Glami 1m Save

The largest multilingual image-text classification dataset. It contains fashion products.

Project README

GLAMI-1M: A Multilingual Image-Text Fashion Dataset

We introduce GLAMI-1M: the largest multilingual image-text classification dataset and benchmark. The dataset contains images of fashion products with item descriptions, each in 1 of 13 languages. Categorization into 191 classes has high-quality annotations: all 100k images in the test set and 75% of the 1M training set were human-labeled. The paper presents baselines for image-text classification showing that the dataset presents a challenging fine-grained classification problem: The best scoring EmbraceNet model using both visual and textual features achieves 69.7% accuracy. Experiments with a modified Imagen model show the dataset is also suitable for image generation conditioned on text.

GLAMI-1M Dataset Examples

GLAMI-1M Paper

The paper (with supplementary) was published at BMVC 2022.
On The Papers with Code, we set up multilingual image-text classification benchmark.
Colab notebook is provided within Google, and also in this repository.
A video recording walk through the Colab code is available on YouTube.

If you use or reference the dataset, please use the following BibTex entry to cite the paper:

@inproceedings{Kosar_2022_BMVC,
author    = {Vaclav Kosar and Antonín Hoskovec and Milan Šulc and Radek Bartyzal},
title     = {GLAMI-1M: A Multilingual Image-Text Fashion Dataset},
booktitle = {33rd British Machine Vision Conference 2022, {BMVC} 2022, London, UK, November 21-24, 2022},
publisher = {{BMVA} Press},
year      = {2022},
url       = {https://bmvc2022.mpi-inf.mpg.de/0607.pdf}
}

Google Colab Notebook

Try hands-on exercise with the dataset in this Google Colab notebook.

How to Download GLAMI-1M Manually

You can either manually download the dataset zip file yourself or use the repository scripts to download, extract, and load into a dataframe.

To manually download the dataset ZIP file(s):

GLAMI-1M Dataset (the default 228x298 version) here (1 zip file of 11GB).

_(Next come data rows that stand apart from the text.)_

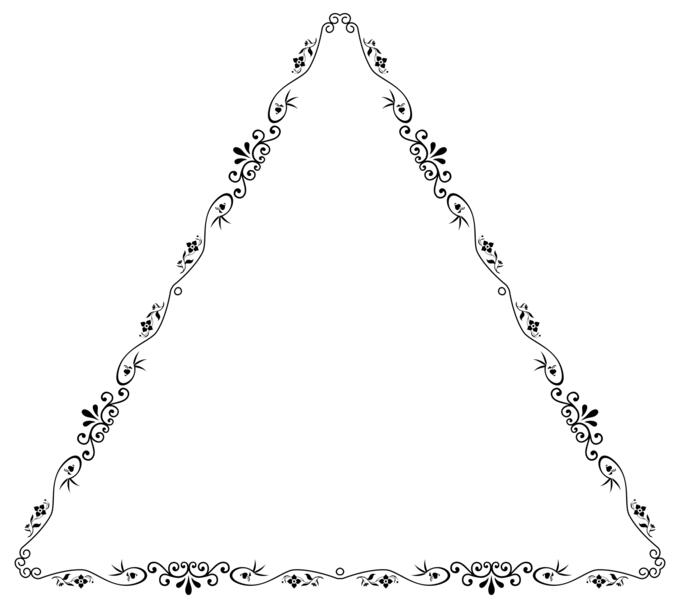 Triangular flowery form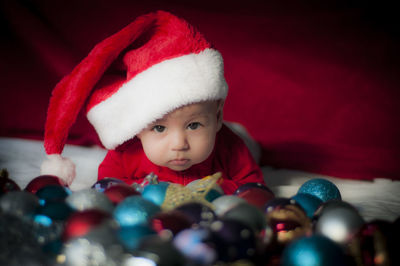 Portrait of cute baby girl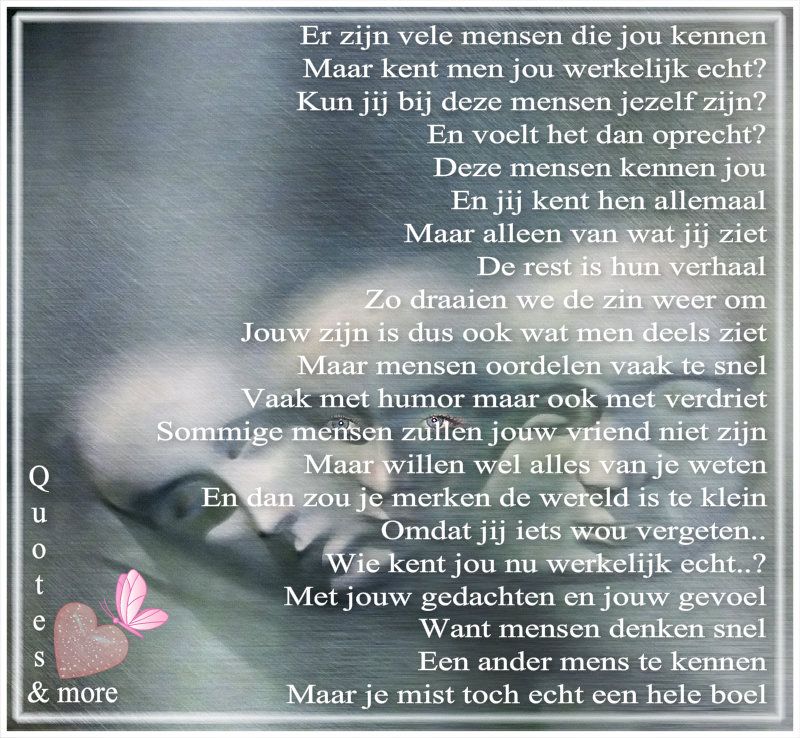 tekst ken je mij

You can use following commands to download this dataset file manually:

wget -O GLAMI-1M-dataset.zip https://huggingface.co/datasets/glami/glami-1m/resolve/main/GLAMI-1M-dataset.zip

Calculate md5 hash with:

md5sum GLAMI-1M-dataset.zip

Then check that it returns:

500348bbf54595db81cba353acd50d78  GLAMI-1M-dataset.zip

GLAMI-1M Dataset 800x800 version here (11 zip files of 54GB) (See Zenodo for md5 hashes)

GLAMI-1M Code

Together with the dataset with provide helper code and experiments described in the paper. The model weights will be uploaded soon.

Installation

Below are steps to get minimal installation to be able to download the dataset with Python

conda create -n g1m python=3.9
conda activate g1m

git clone https://github.com/glami/glami-1m.git
cd glami-1m
pip install -r requirements_minimal.txt

How to Download GLAMI-1M Programmatically

The 228x298 dataset version can be downloaded programmatically using repository Python code. The destination directory to download and extract the dataset can be configured with environmental variable EXTRACT_DIR. EXTRACT_DIR is by default configured as a Linux temporary directory, which is removed upon machine restarts. Before downloading the dataset, make sure you have enough space to download and unzip corresponding version of the dataset.

EXTRACT_DIR="/tmp/GLAMI-1M/" python -c 'import load_dataset; load_dataset.download_dataset())'

After the download, we can load the dataset into a dataframe.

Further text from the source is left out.